In short, whether intention or not, an agency is deemed to have created a “rule” when it seeks to “implement, interpret, or prescribe law or policy.”  [Emphasis Added]

No State or local municipality may lend its legislative authority to any outside governmental or private entity which did not adhere to some level of due process standards for rule making.   In the instance of CISA’s White Paper, there was no due process at all.

In that our State and our local municipalities have not defined “essential”, reliance upon that term arguably has no force of law because the rational and prudent person cannot plainly understand what is meant by it within a framework of clear and consistent application.
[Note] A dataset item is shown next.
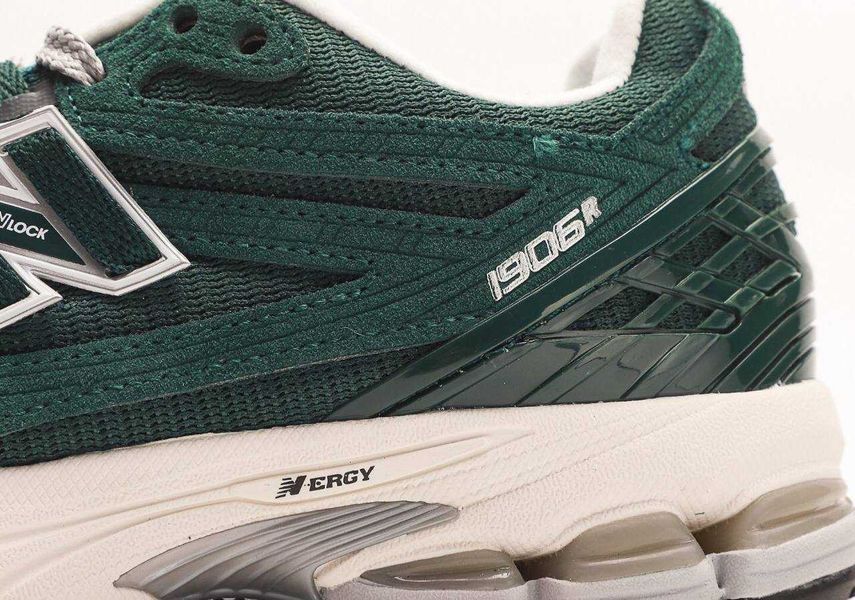 Кросівки NB New Balance 1906R Green White Grey 16043-Зелений-39 фото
What we are seeing here is a fundamental breakdown of our rule making process.  

CISA hasn’t had a public meeting since Feburary 19th, during which time CISA failed to include on its agenda any subject matter or discussion which was reflected within it published March 19th White Paper.

Should we grind an entire economy to a halt over vague and ambiguous terms?

In that some people’s constitutional rights to peaceably assemble have been restricted or in some cases eliminated, and some businesses have been arbitrarily determined to be non-essential (and their income has stopped, and people might be bankrupted), this issue matters very much to the financial well-being of a great many people.

California Public Health Officials have Exceeded their Authority
Nothing can be found in California law that allows any local or state public health official to declare a statewide or county-wide quarantine. Absent a law which articulates that authority, it would seem the State and counties have exceeded their authority by ordering mandatory quarantine of all non-essential persons.

While public health officials do have limited authority to specifically quarantine actual infected persons and persons known to have come in contact with infected persons, nothing can be found in State law which authorizes the quarantine of any and all healthy people who have no known contact with an infected persons. (cf. Health & Safety Codes §§ 101029, 101030, 101040, 120175, 120180, and 120200)

In these statutes, the Legislature could have but chose not to grant carte blanc authority to impose an all encompassing quarantine. Instead, the Legislature narrowly focused upon only infected persons and those other persons known to have come in contact with those infected persons.

Governor Newsom’s Timeline for Action
Our Governor knew, since January 3, 2020, the seriousness of the COVID-19 virus, and its exponential rate of infection throughout a population.   It was not until nearly 2 months later, on March 4, 2020, that the Governor took action.

During all that time — and while the Legislature was in active Session — hearings could have been held, definitions could have been created, and a comprehensive action plan could have been created which both called for escalated measures depending upon public health needs and we could all easily understand and follow.

State agencies could have replenished stocks of personal protective equipment (PPE), ventilators, and oxygen tanks. But they did not.

To date, there is still no comprehensive public safety or public health action plan, and we have a statewide piece-meal patchwork quilt of public policies which vary and have directly contributed to substantial civil unrest.

Our State and local elected officials have failed to follow the Due Process requirements incumbent upon them for all rule-making, by relying upon a vague and ambiguous undefined terms (including “essential”).  Now all persons are now expected to sink or swim based upon shoot-from-the-hip piecemeal policy making during press conferences by our Governor and other elected officials.

Does any of this mean you should ignore the Governor’s Executive order, or ignore any of the local governments orders to self-quarantine and isolate yourself from risk of infection by others? Of course not.

You are encouraged to think for yourself and take reasonable measures to ensure you stay healthy and you don’t increase the risk of spreading COVID-19.

Should your rights be observed, and should our elected officials act prudently to balance their public policies in thoughtful ways which effectively address whatever challenge we are facing? Yes. Always.